While data is being transferred it is invoked frequently, and during slow periods like when nothing is being transferred it can slow down to about one call per second.

In that same vein, it's actually been deprecated as of 7.32.0, but I'm not sure which version this project actually gets linked against. Although, we all know curl never really kills features, so it's maybe a moot point. 😅 The docs for the "new" CURLOPT_XFERINFOFUNCTION are just copy/pasted from CURLOPT_PROGRESSFUNCTION anyways, so it likely is subject to the same problem.

Perhaps also exposing CURLOPT_TIMEOUT and the like would still help in conjunction to at least avoid running to infinity, which I believe is the worst-case scenario a user would want to avoid.

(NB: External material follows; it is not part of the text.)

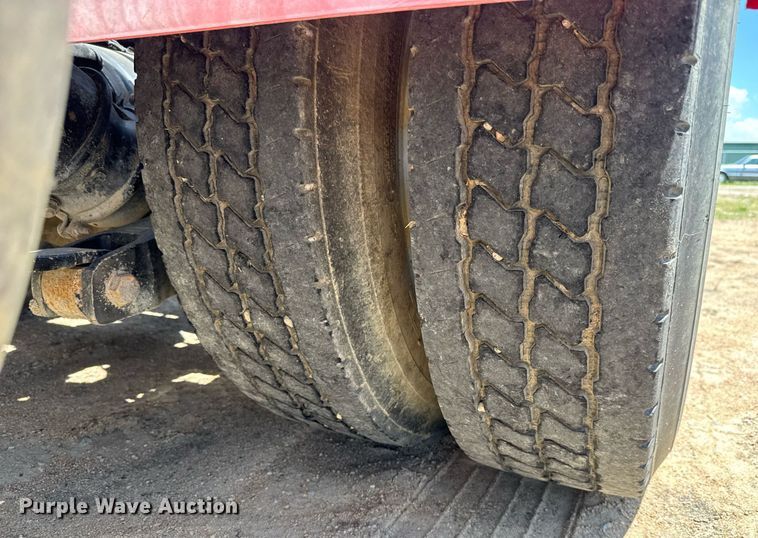 image for item DY0256 2008 Peterbilt 387 semi truck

balamurugana commented 7 months ago

@Demonslay335 Firstly I would need to know the exact problem by investigating Debug output. The issue you are facing is mostly unrelated to the timeout.

adahiro commented 7 months ago

@Demonslay335 Firstly I would need to know the exact problem by investigating output. The issue you are facing is mostly unrelated to the timeout.Debug

This issue is relatively easy to reproduce:

Write a client test case code, set the server address and related parameters. Here we only write something related to the problem, for example: args.progressfunc = [](minio::http::ProgressFunctionArgs args) -> bool{// print something } minio::s3::UploadObjectResponse resp = client.UploadObject(args);

Start the minio server and run the above code; the file uploads successfully.

Shut down the minio server or disable the network on the machine where the client code is running (for example, by unplugging the network cable to simulate an unstable network situation). The program will be perpetually blocked at the line “client.UploadObject(args)”, and args.progressfunc will not be called, resulting in no output.

In actual tests, “args.progressfunc” is only called when the client successfully connects to the minio server.

In real-world network environments, especially with multiple clients, I cannot guarantee that my network will always be healthy. If there is a network anomaly during file upload and it is not possible to connect to the minio server, client.UploadObject(args); and other code will block my thread and will not return any information, leaving me no way to correct the issue. The client's business will become inoperable unless I restart the process.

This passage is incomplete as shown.